The Witch, the Wardrobe, and the Mastodon
Frenzied minds of children sometimes need a good, moral, wholesome story of gruesome religiously motivated torture, but the Bible is too subtle for their as yet uncrushed little minds and spirits to grasp. That's where good people like C. S. Lewis come in. Instead of the gripping story of the Mel Gibson film on Christ's death, Lewis gives us benign images of fairies, witches, mastodons and other playful imaginary creatures, standing in for the tragic figures of Testaments Old and New.
Prophets and saints always get the poop end of the stick, of course. However, why tell the kids that while they're so young and innocent? Encourage their imaginary friends to sleep over.
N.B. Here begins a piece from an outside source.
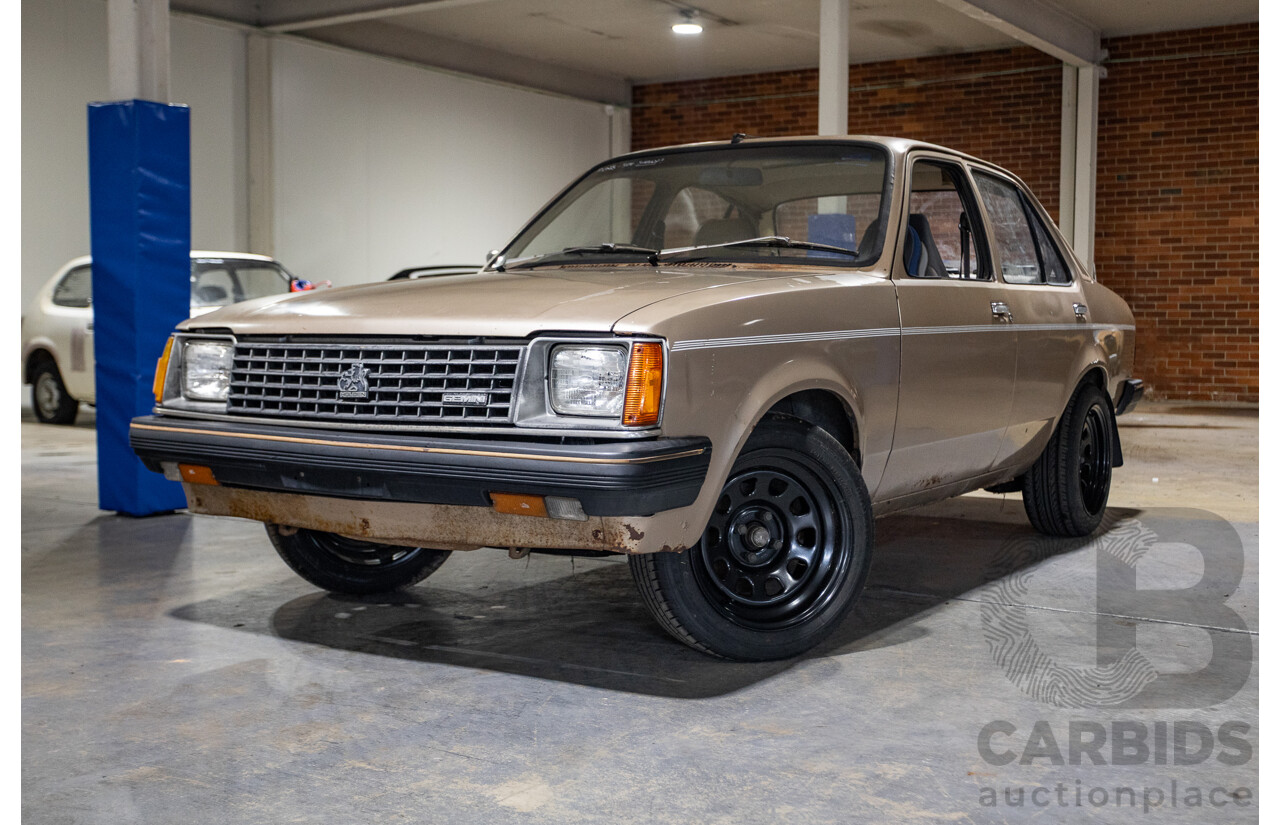 8/1982 Holden TF Gemini 4d Sedan Oyster Metallic 1.6L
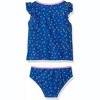 Kiko & Max Baby/Toddler and Little Girl's 2-Piece Short Sleeve Bikini Swimsuit Sets - 2 of 2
Make them believe in the Sky God.
Or, alternatively, one could teach kids that there is no right and wrong, only things we happen to like and dislike, which would mean there's no reason torture of any kind is wrong other than you and your buddies happen to dislike it. We wouldn't want to do something so terrible as to give kids a system of ethics which claims that torturing people is actually WRONG, oh no. We should all watch Bill Nye the Science Guy and just unquestioningly believe whatever he says without question or even analysis. And don't listen to those pesky philosophers who insist on doing metaphysics, because it's all in Nietzsche and what do they teach them in these schools??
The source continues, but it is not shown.